MacMaster-Carr also offers miniature open end wrenches but no smaller than 5/32" and 4mm


----------



## Kovacjr (Jan 2, 2008)

If you are having troubles and tapping the valves changes it, you will either need to install a spring behind the gas handle that keeps pressure on the valve. You are just getting movement in the threads on the valve. The other option is to replace the valve with an upgraded version that offers finer control and a better taper needle.


----------



## Malcolm (Aug 3, 2011)

Chris,

Thanks for the information on the wrench sets.

Jason,

Thanks for the explanation of the gas value issue. However, see below. 


I ran the engine this evening, the pulsating burner noise is back, which was gone last night (except for the increase in noise that Jason supplied an explanation for). It lights up well, but goes into the semi-quiet/loud pulsating mode I plan to blow out the gas lines again (will have to wait to this weekend). 

It is frustrating, the engine runs beautifully, but the burner is to me, a major distraction. I noticed that the burner is not centered in the flue, it is off to one side (to clear the super-heater pipe?). Don't know if this has any bearing on the noise. Any other thoughts or suggestions would be appreciated.

Regards to all,
Malcolm S.


----------



## Malcolm (Aug 3, 2011)

I made and sent a video of Emma to Cliff at Accucraft so he could hear the burner. His reply was that he did not think the sound was all that unusual for the Accucraft Burner. He did give me some suggestions to lower the noise, including checking the burner to see if there are any burrs or flash in the burner slots. i will do this and also blow out the gas line again.

I suppose I have been spoiled by the relatively quiet burners on the EBT 12 and Baldwin 4-4-0. On reflection, the Emma is a little quieter than the Ruby I built from a kit. 

I plan to add new valves for the gas and throttle as recommended above and a Summerlands Chuffer. Maybe the finer gas control will help with the noise and if not, drown out the noise with the chuffer.

Best regards to all and thanks for your responses to my request for help,
Malcolm S.


----------



## Chris B (Oct 18, 2009)

Hi Malcolm 
i guess we have all been thinking that you have a fault, but if it is just a noisy Accucraft burner, you could try the old solution of wrapping the poker in fine mesh. I normally use a fine nichrome (sourced by a friend from the US), but another friend just buys a fine sieve from a supermarket and cuts the stainless mesh from that. Wrap it tight and use some fo the wire from the mesh to secure it. 

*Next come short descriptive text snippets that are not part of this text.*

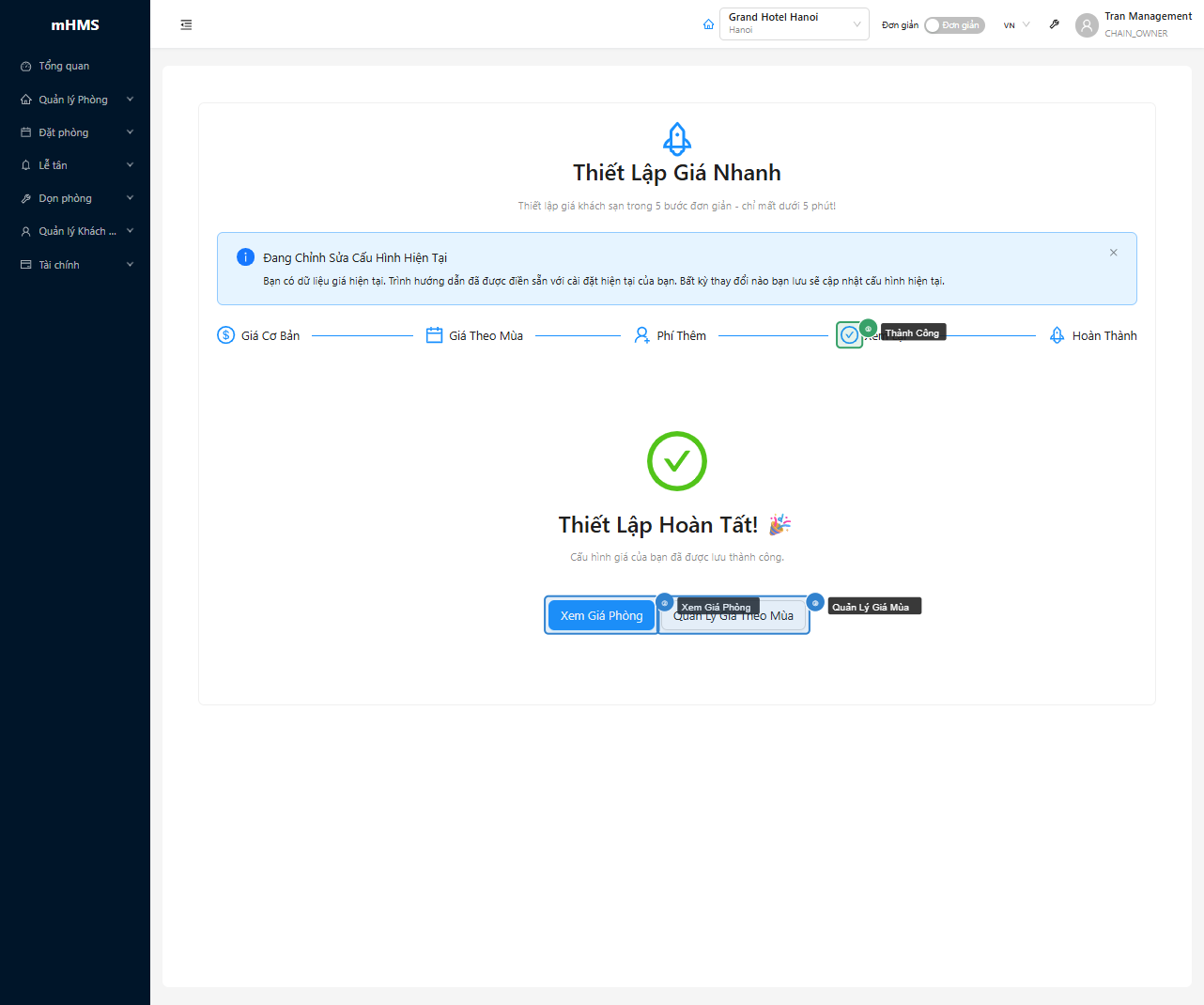 Màn hình xác nhận thiết lập giá thành công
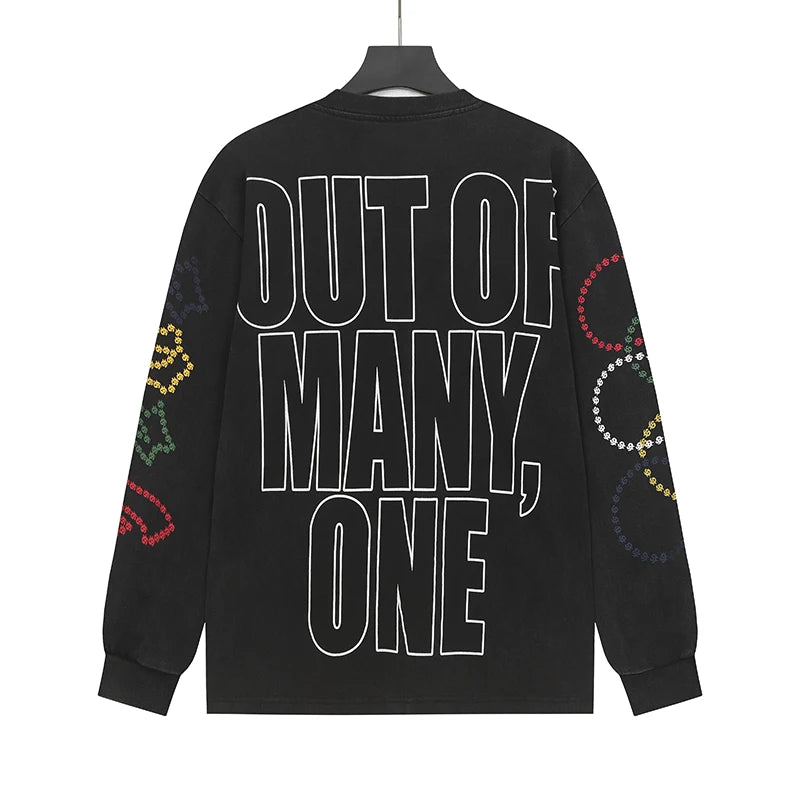 American Streetwear Godspeed Long Sleeve Graffiti Skeleton Print Casual Trend Washed 100% Cotton Round Neck T-Shirt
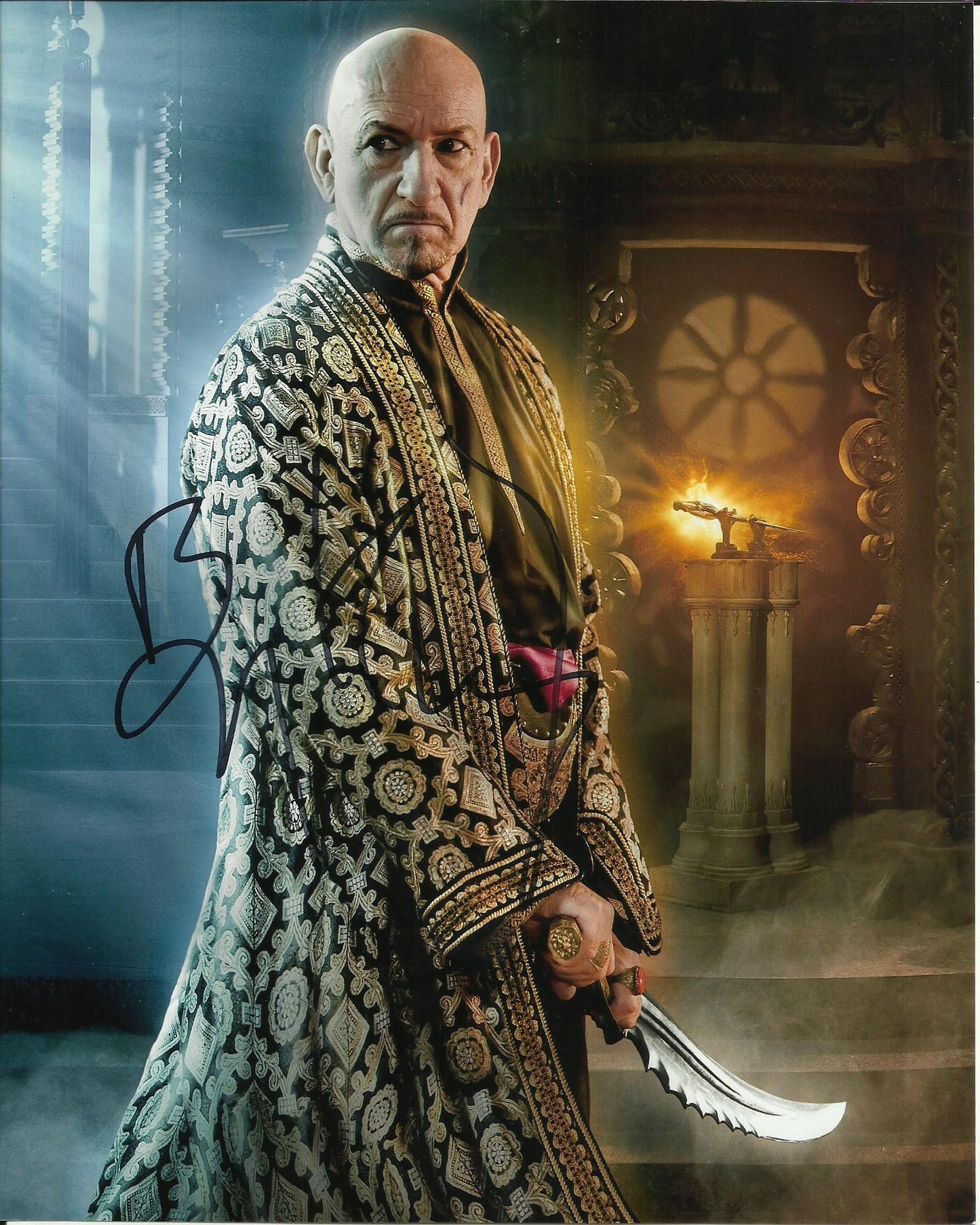 BEN KINGSLEY SIGNED IRON MAN 8X10 PHOTO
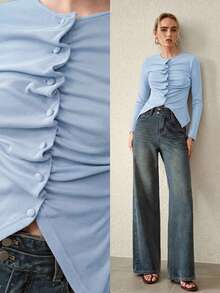 MOTF PREMIUM CAMISETA DE MANGA LARGA DE PUNTO ACANALADO CON BOTONES FRUNCIDOS PARA MUJER, OTOÑO/INVIERNO - Azul - Ver 7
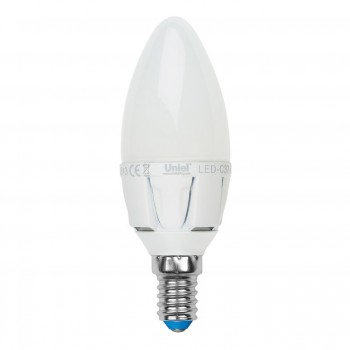 Лампа светодиодная (UL-00000768) E14 7W 3000K свеча матовая LED-C37-7W/WW/E14/FR PLP01WH (Китай)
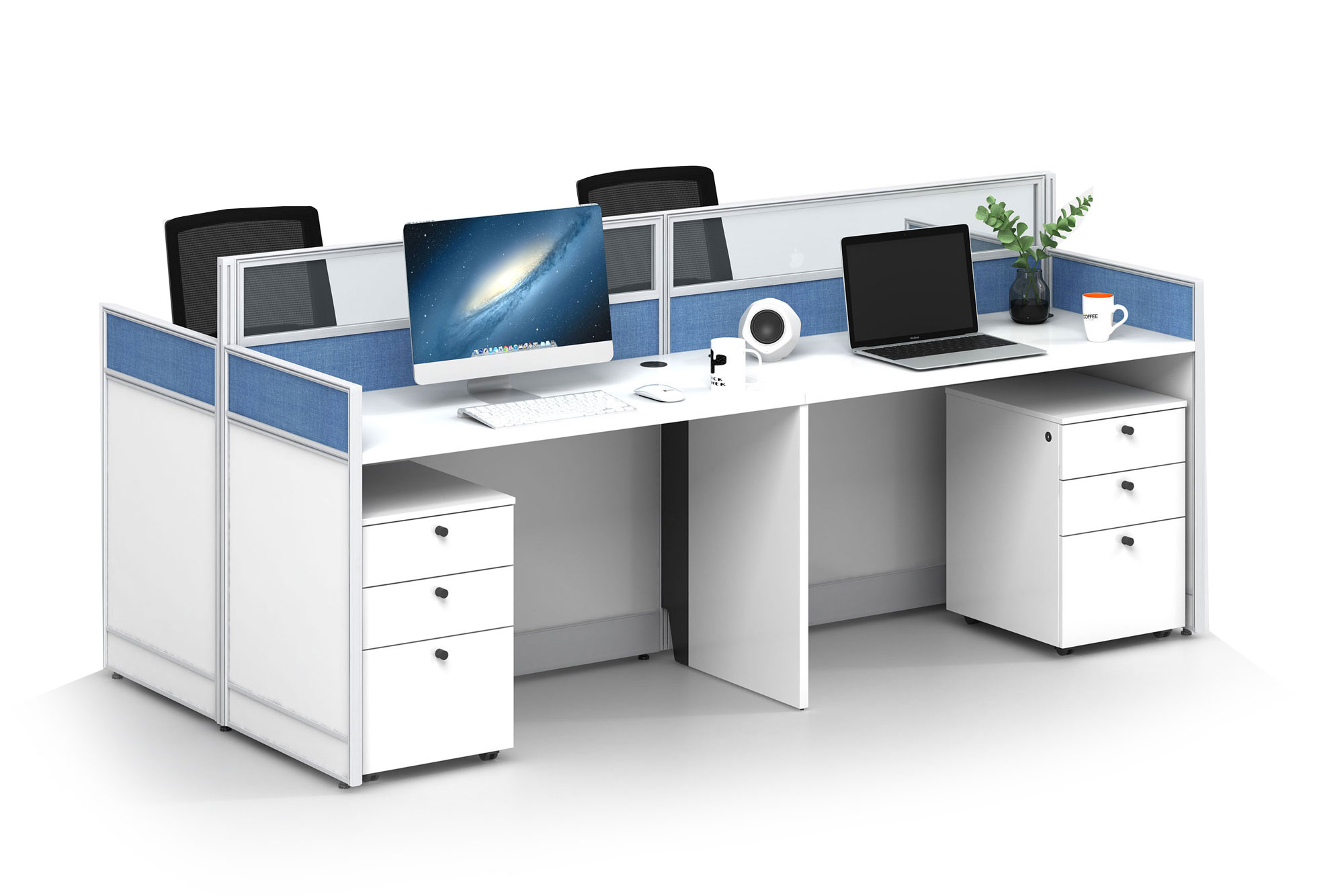 Modern style 4-person workstation Partition V-WD2412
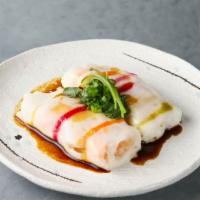 Rainbow Prawn Rice Crepe | 彩虹大蝦腸粉  · vegetable juices infused rice batter, chopped jumbo shrimp, scallions
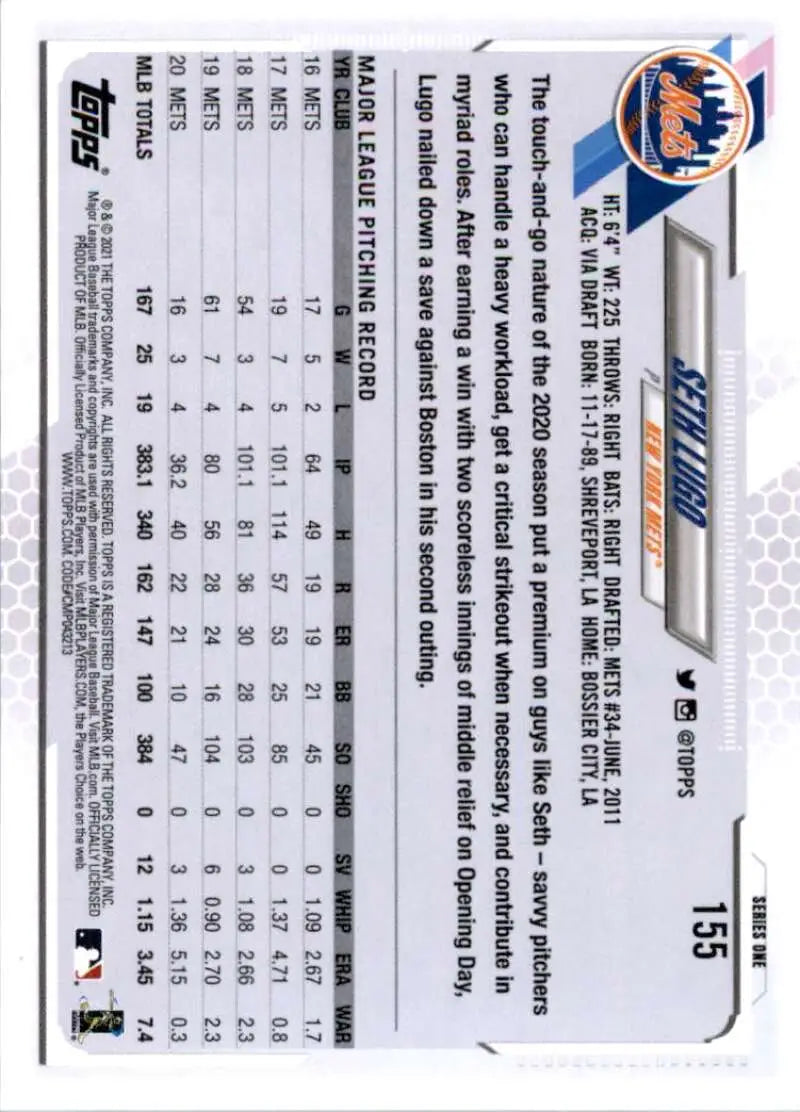 2021 Topps #155 Seth Lugo NM-MT New York Mets Baseball Card - Baseball Card Single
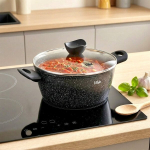 Puodas granito su stikliniu dangčiu GRANITICA 24 cm 36 l juodas Orion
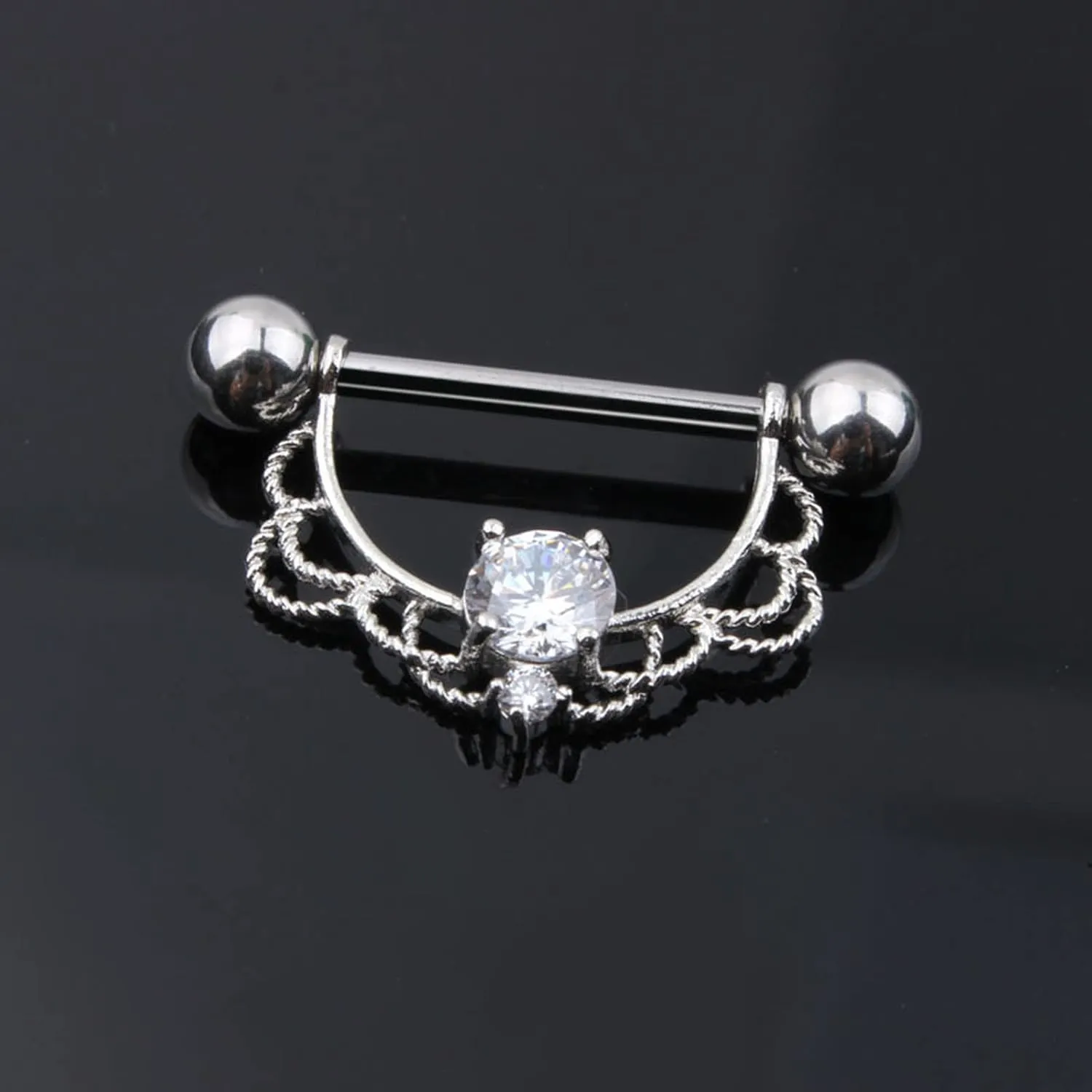14G Stainless Steel Nipple Rings Silver CZ Flower Straight Barbell Bars Tongue Ring 16mm(5/8Inch) Body Piercing Jewelry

As I have said before on here, my noisy burner on an Edrig was due to an oversized jet. I fitted a precision No5 Primus jet (in a modified holder as it is 1 BA) and an air control ring and the burner is superb. 

Good luck 
Cheers 
Chris


----------



## Malcolm (Aug 3, 2011)

Chris,

Thanks for the fine mesh wrapped on the burner potential solution. I will try it.

Regards,
Malcolm S.


----------



## Malcolm (Aug 3, 2011)

As a follow up, I wrapped the burner in stainless steel mesh this morning as suggested. What an amazing difference, most of the burner noise is gone and the engine is definintely making steam better (as it should if the burner is working better/correctly). I also added a new throttle valve and gas valve and I am extremely happy with both of them. I also added a Summerlands Chuffer. I had heard them on videos, but never in person. Was I surprised at how loud and how good it sounded? Yes. I may have to add the chuffers to some of my other locomotives.

I plan to add the stainless steel mesh to the burner of the Ruby I built from a kit in 2004. It has always run reasonably well, but the burner was also always kind of loud. It it works as well, or even a bit less on the Ruby, I will be happy/satisfied.

Thanks for all the comments/suggestions posted. They were and are appreciated.

Best Regards to All,
Malcolm S.


----------



## Chris B (Oct 18, 2009)

So that is a real result then Malcolm! Perhaps a little video is called for .....;-) 
Cheers 
Chris


----------



## Malcolm (Aug 3, 2011)

A video of EMMA after the mods is at:

http://www.youtube.com/watch?v=r69mGOw_UeU 

If the link does not work - go to MFS453 on YouTube. You may hear the burner, but believe me, it is not near as loud as it was before the mesh was added to the burner.

Best Regards to All,
Malcolm S.


----------